Bij het overlijden van Jan Cremer (20.04.1940-19.06.2024)

Door Camiel Hamans

Met het overlijden van Jan Cremer verdwijnt een monument uit de Nederlandse cultuurgeschiedenis van de laatste 75 jaar. Cremer, aan de academies van Arnhem en Den Haag opgeleid tot beeldend kunstenaar, verwierf aanvankelijk een grotere faam in de letteren. Zijn Ik Jan Cremer uit 1964 werd, zoals hij heel brutaal en zelfverzekerd aankondigde, meteen een onverbiddelijke bestseller. En zeker niet in het minst door de slimme promotie die hij voor dit boek bedacht en zelf in de praktijk bracht.
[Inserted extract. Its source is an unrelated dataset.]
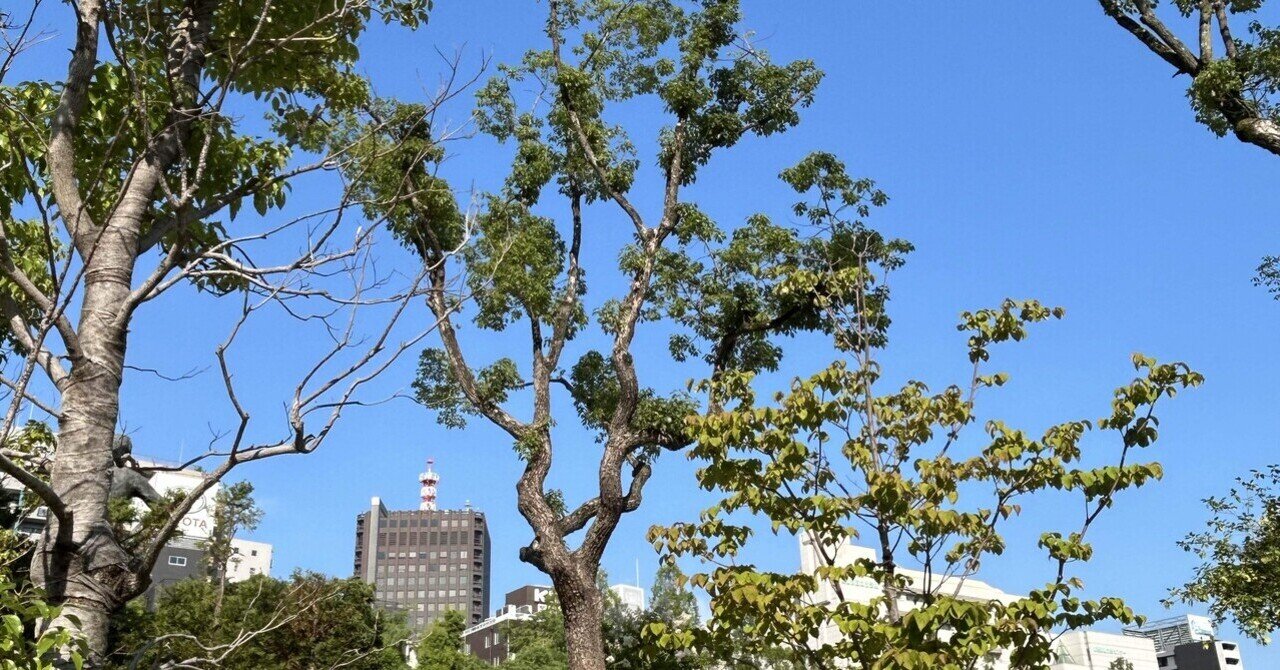 樹木医学 独自に「樹木医」に鑑定をお願いしました。｜大阪市の街路樹撤去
Iedereen in Nederland, maar ook snel daarbuiten, sprak over het boek, las het besmuikt en wees het in het openbaar af. Cremer werd het voorbeeld van de vrijgevochten jongere, die zich om god noch gebod bekommerde en voor wie seks openlijk lust was en zeker geen daad uitsluitend bedoeld ter voorplanting.

Jans beeldende werk werd door zijn literaire roem aanvankelijk in de schaduw gesteld. Toen hij in de tweede helft van de jaren ’80 toetrad tot Arti was dat anders. Jan Cremer werd door vakgenoten, kritiek en het grote publiek intussen ook als schilder voor vol aangezien.

Cremer was geen frequent bezoeker van het Rokin, maar als hij er was, vergezeld door zijn echtgenote en muze Babette Sijmons, was van zijn rebelse image weinig over. Hij was vriendelijk en benaderbaar. Als hem vanuit Arti verzocht werd om medewerking aan een project, liet hij het nooit afweten.

Met Jans overlijden lijkt de geest van vrijheid, waarvan hij een der meest prominente vertegenwoordigers was, uit Nederland verdwenen. Wij zullen hem daarom missen.